Dive bomb is a guitar technique in which the tremolo bar, or whammy bar, is used to rapidly lower the pitch of a note, creating a sound considered to be similar to a bomb dropping. One of the most recognized pioneers of this technique is Jimi Hendrix. Other musicians who used this technique are Ritchie Blackmore, Dave Murray, Herman Li, Eddie Van Halen, Randy Rhoads, Brian May, Joe Satriani and Tom Scholz of Boston. Some guitarists, such as K.K. Downing, Glenn Tipton, Jeff Hanneman and Dimebag Darrell have used a variation of this technique in which a harmonic, most commonly a pinch harmonic, is used instead of a normal fretted or open note creating a sound arguably closer to that of a bomb due to the squealing sound created by the harmonic.

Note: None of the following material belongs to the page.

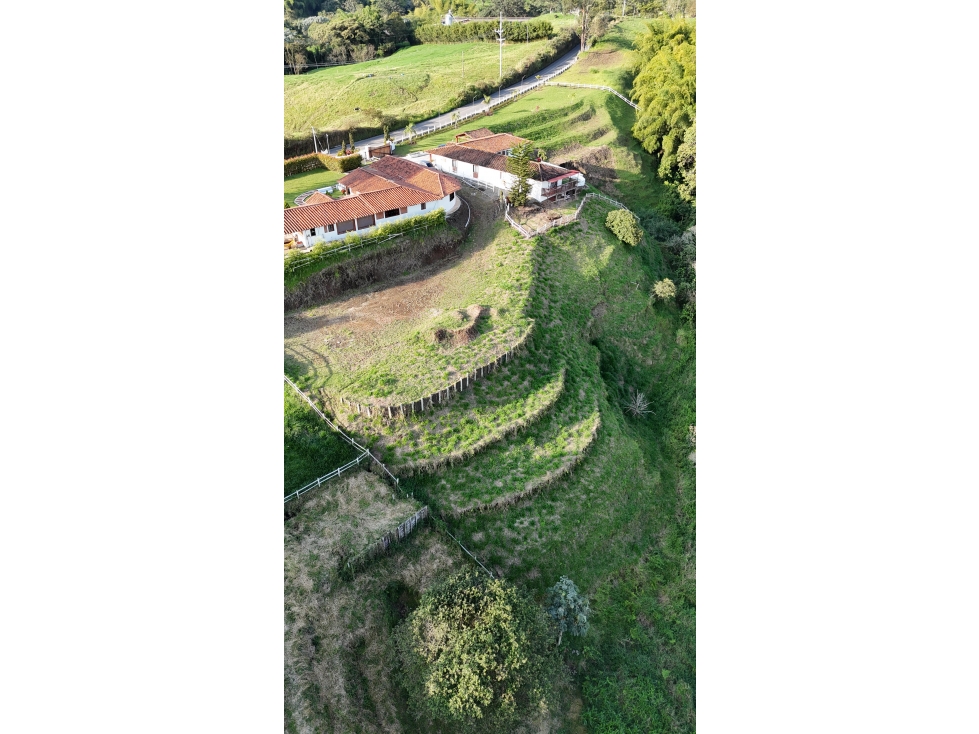 LOTE EN VENTA UBICADO EN CONJUNTO CERRADO EN CIRCASIA, QUINDIO — foto 2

It is usually best performed when using a locking tremolo (whammy bar) such as the Floyd Rose version so that rapid changes in string tension do not take the strings out of tune. This allows the guitarist to pick a note, and widely vary its tone, either by quickly pushing (or pulling) the bar as far as it goes either way or slowly moving the bar in the desired direction, depending on what effect the musician is trying to achieve. It is commonly done in combination with a pinch harmonic to get a more dramatic effect with the dive bomb.

Dive bombing is used in surf music. Dive bombing was used in Billy Idol's song "White Wedding", Rage Against the Machine's song "Calm Like a Bomb", Boston's "Smokin'", The Black Keys' song "Lonely Boy", George Thorogood's cover of Bo Diddley's "Who Do You Love?", The Rip Chords "Hey Little Cobra", and Van Halen's "Eruption".